The issue of tariffs is becoming increasingly uncertain. The deadline set by Trump to strike deals with countries – including the European Union – on which he had announced his intention to impose new tariffs back in April has been further postponed.  

The tariff war carries implications that go far beyond the imposition of trade duties. Tariffs have become a tool for imposing national interests, often at the expense of the rules that govern international markets, mutual relations and fair competition. This dynamic has contributed to increasing uncertainty in a global context already marked by profound instability, starting with Russia’s invasion of Ukraine in 2022. 

In dealing with the US administration, Europe will need to keep in mind these four long-term objectives, on which it must not lose ground during negotiations: 

  1. energy security and independence; 
  2. industrial competitiveness; 
  3. the ability to attract investment; 
  4. the role of diplomacy in building international relations. 

These four dimensions are the pillars of the Green Deal and provide an important strategic compass for Europe in the context of trade disputes and the fragmentation of global relations.  

Energy independence 

Around 60% of the energy consumed in the European Union is imported. This figure rises significantly when fossil fuels are considered: approximately 95% of oil and just over 80% of gas consumed in the EU is imported. This makes Europe energy-dependent and particularly vulnerable not only to security threats but also to the volatility of fossil fuel prices, which is driving inflation across the continent. The tariff war and ongoing pressure placed on Europe to access fossil fuel sources demand that we build our energy security on greater independence from external sources. Only then can Europe ensure sustainable energy prices for consumers and businesses, a key objective of the Action Plan on Affordable Energy, presented by the Commission at the end of February as an integral part of the Clean Industrial Deal (CID). 

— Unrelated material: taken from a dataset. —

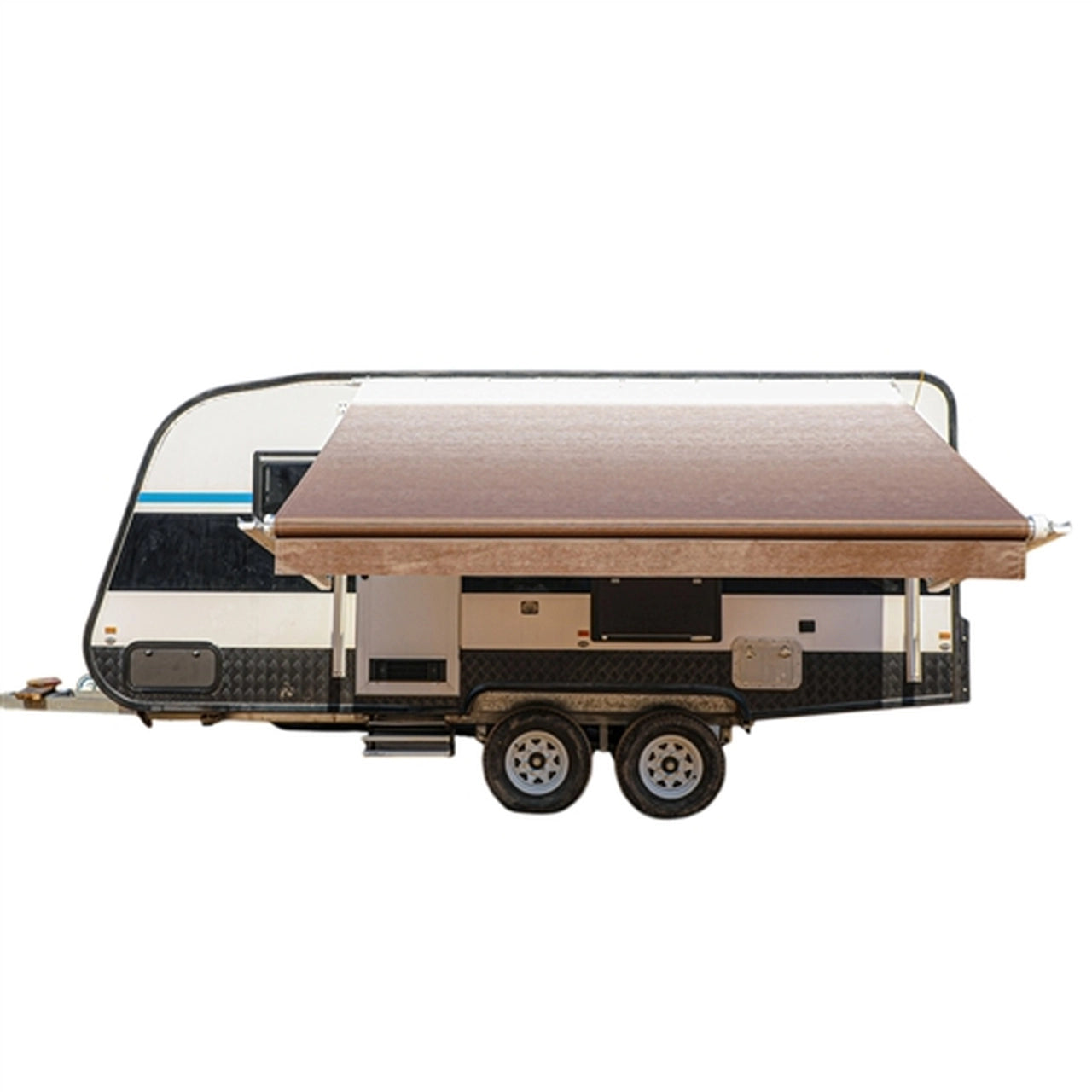 21 x 8 Feet Aleko Motorized Retractable RV Awning - Brown Fade Color for Camping & Outdoor Shade - Perfect for RVs, Trailers & Patio Protection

Through the Green Deal, Europe is building its independence, energy security and competitiveness by progressively reducing its dependence on fossil fuels. In the electricity production sector alone, the use of fossil fuels fell by 19% in 2023, while renewables reached a record 44%, driven by wind and solar. Since the Green Deal was launched in 2019, renewables have helped avoid fossil fuel imports worth €59 billion. 

Thanks to measures under REPowerEU, in 2022 alone, savings, energy efficiency and the development of renewables contributed to replacing 39 billion cubic metres (bcm) of Russian gas in Europe, around 80% of the annual reduction in gas consumption. The record growth in renewables – 41 GW of solar and 16 GW of wind power – enabled the replacement of 11 bcm that same year and is expected to reduce demand by 15–18 bcm annually once fully operational. In 2022 alone, renewables demonstrated an annual replacement capacity equal to 5% of Europe’s gas demand. 

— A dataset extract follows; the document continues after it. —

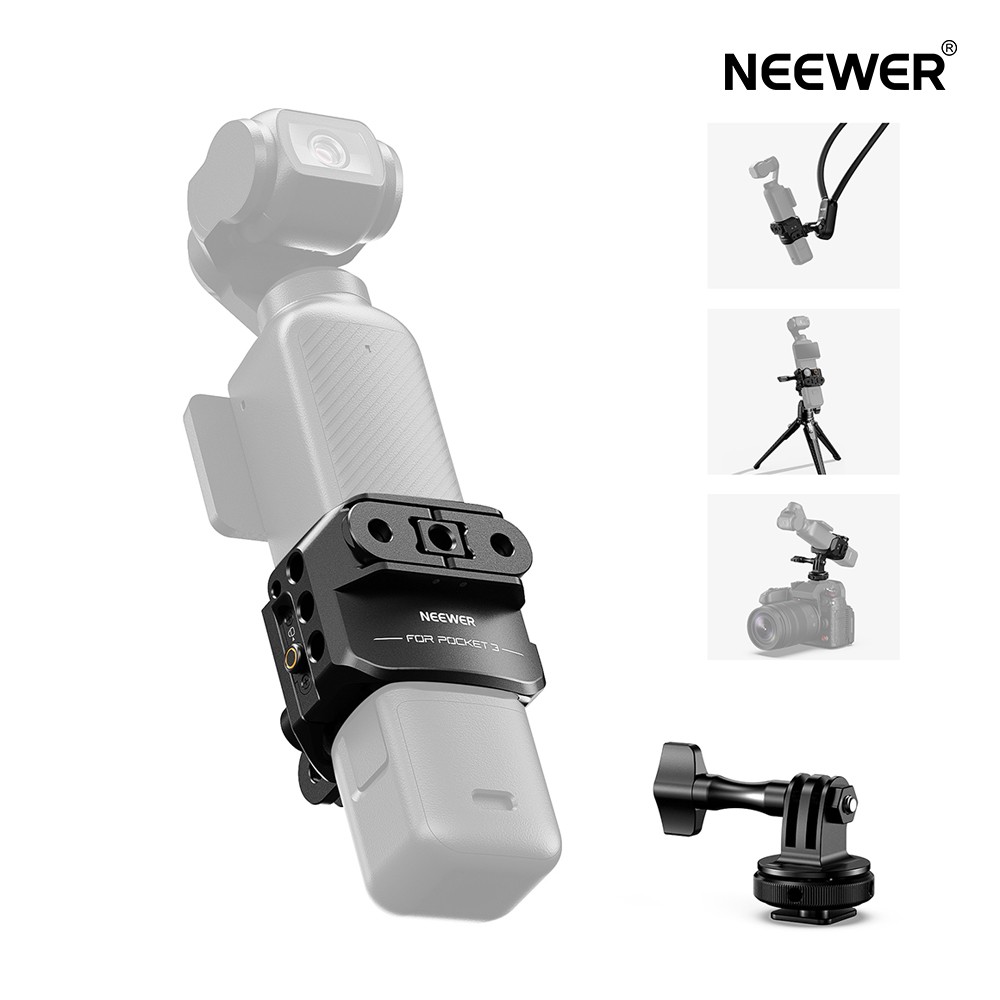 【楽天市場】P20倍+5%引クーポン◆NEEWER カメラケージ Pocket 3専用 アルミ合金製 アクションカメラマウント カメラ固定保護 コールドシュー/1/4"ネジ/アクションカメラアダプター付き ビデオリグ ビデオケージ 保護ケース コンパチブル Osmo Pocket 3 Creator Combo 組立不要 AC009：neewer-store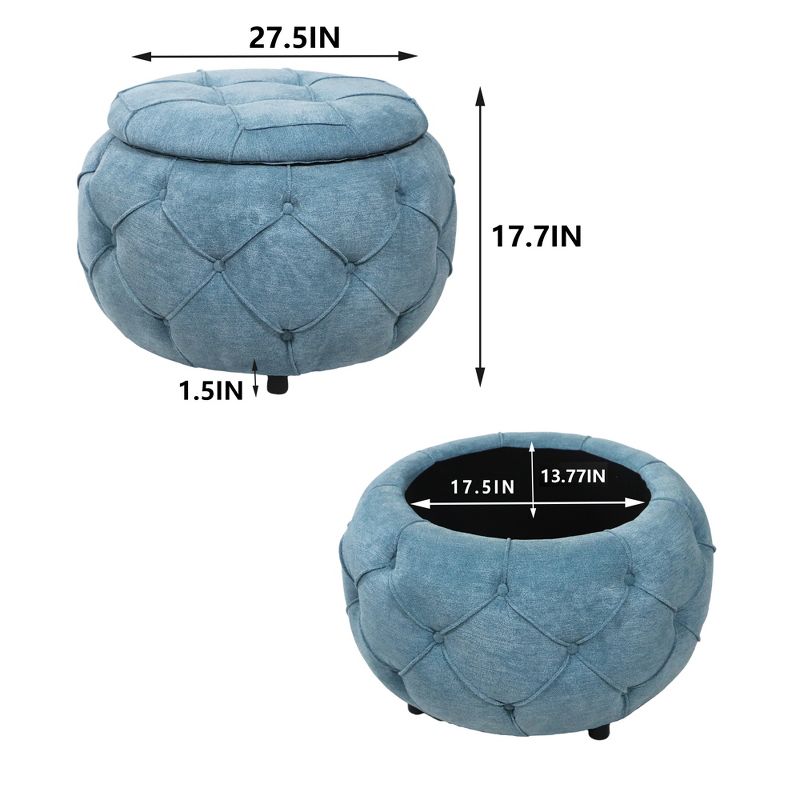 Large Button Tufted Burlap Woven Round Storage Ottoman for Living Room and Bedroom - ModernLuxe, 3 of 13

However, despite significant penetration of renewables into the electricity systems, consumer bills remain heavily influenced by natural gas prices, which for many countries, such as Italy, still act as the marginal source setting the price in electricity markets. 

The Action Plan on Affordable Energy includes measures to address this challenge by charting a course for energy market reform and introducing guarantee systems, streamlined authorisation processes and Power Purchase Agreements (PPAs), to ensure that consumers benefit more quickly from the price advantages of transitioning away from fossil fuels. The aim is to build a system in which prices more accurately reflect the cost of renewable energy production, enabling the delivery of affordable energy without compromising energy security or competitiveness. 

Industrial strategy 

In implementing the Green Deal and considering the findings of the Draghi and Letta reports, the Commission has published the framework for what is now the Union’s industrial strategy through the Clean Industrial Deal (CID). The decarbonisation of the economic and industrial system remains the guiding vision for directing investment. The process of defossilising production systems represents not only an opportunity for innovation in Europe but also an opportunity to develop strategic autonomy in clean technologies and production processes, while advancing real energy security, which is one of the foundations for the continent’s competitive recovery. 

Energy prices are a key factor in the competitiveness of the production system, and Europe’s dependence on foreign imports is one reason its energy costs are higher than those of its trade partners. To reduce energy costs in the EU, the CID emphasises the need to accelerate electrification and the transition to domestically produced clean energy, complete the internal energy market with physical interconnections and use energy more efficiently. 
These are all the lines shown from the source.